Mesh Adaptation in Fractured Reservoir Simulation

Abstract

Natural fractures exist in many oil and gas reservoirs. On the other hand, hydraulic fracturing (fracking) is needed to create fractures in some reservoirs to improve the production rate. For example, shale gas reservoirs typically have extremely low permeability but have become an attractive source for natural gas production largely due to the advancement of horizontal drilling and hydraulic fracturing techniques. The permeability in fractures are much higher than that in other parts of the reservoir but the sizes of the fractures are much smaller. Thus, it is desirable to place more mesh elements around the fractures during the simulation and computations. Mesh adaptation is a very useful technique to help improving the accuracy and efficiency of the computation, and can be applied in computations for many problems such as plasma physics, image processing, and reservoir simulation in petroleum engineering. This study will focus on mesh adaptation in fractured reservoir simulation.

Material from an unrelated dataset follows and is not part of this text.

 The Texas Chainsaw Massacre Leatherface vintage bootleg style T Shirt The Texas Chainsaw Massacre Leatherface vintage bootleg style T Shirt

The mesh will be adapted automatically so that more elements are concentrated around the fractures and less elements are distributed in other places. By this way, the reservoir simulation can be more accurate and efficient which is critical in helping control the production rate, optimize hydraulic fracturing design, and evaluate enhanced oil recovery processes. The goal of this study is to evaluate the effects of different mesh adaptation methods when solving a partial differential equation called porous media equation (PME). The porous media equation is solved using Finite Element Method with the software FreeFem++ that has built-in mesh adaptation functionality. The mesh is adapted based on a metric tensor that determines the shape, size and orientation of the mesh elements. The results are compared with uniform meshes and meshes created based on log-spacing. The numerical results show that adaptive meshes based on metric tensor provide the best results.